TASK INSTRUCTIONS: From the line containing "Despeje de Aymeric" to the line containing "HERMOSA CASA INDEPENDIENTE EN PONTEZUELA - 1" in the entries below, reproduce every line exactly, ends included. Nothing else belongs in the copy, and no pictures.

[INPUT Boundary: Start]

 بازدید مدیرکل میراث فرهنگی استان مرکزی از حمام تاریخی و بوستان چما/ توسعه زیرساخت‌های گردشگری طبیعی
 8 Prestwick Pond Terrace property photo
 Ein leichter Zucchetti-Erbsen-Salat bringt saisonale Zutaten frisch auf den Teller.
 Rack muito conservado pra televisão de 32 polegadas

[INPUT Boundary: End]
[INPUT Boundary: Start]

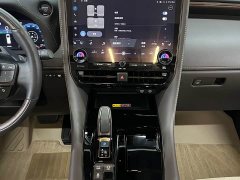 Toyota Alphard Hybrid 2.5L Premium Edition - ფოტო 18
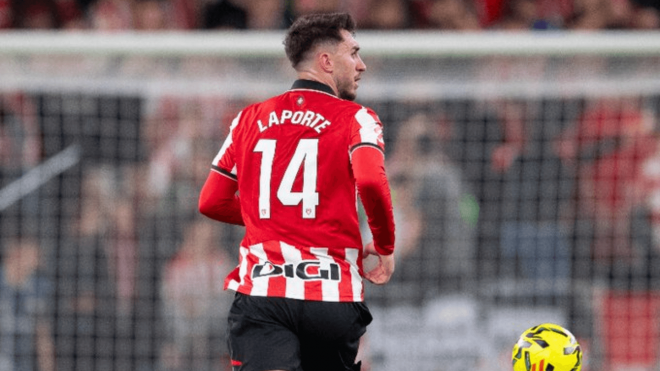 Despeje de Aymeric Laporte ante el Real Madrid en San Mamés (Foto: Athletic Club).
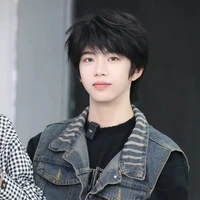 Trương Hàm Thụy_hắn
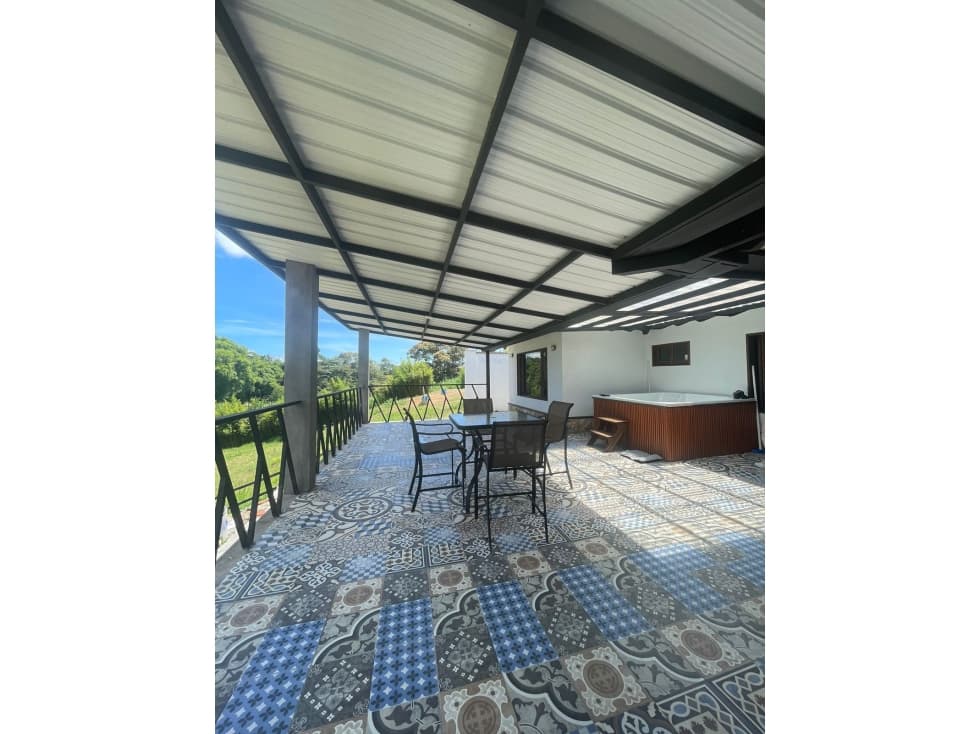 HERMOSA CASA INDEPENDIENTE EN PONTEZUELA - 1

[INPUT Boundary: End]

WRITTEN REPLY:
 Despeje de Aymeric Laporte ante el Real Madrid en San Mamés (Foto: Athletic Club).
 Trương Hàm Thụy_hắn
 HERMOSA CASA INDEPENDIENTE EN PONTEZUELA - 1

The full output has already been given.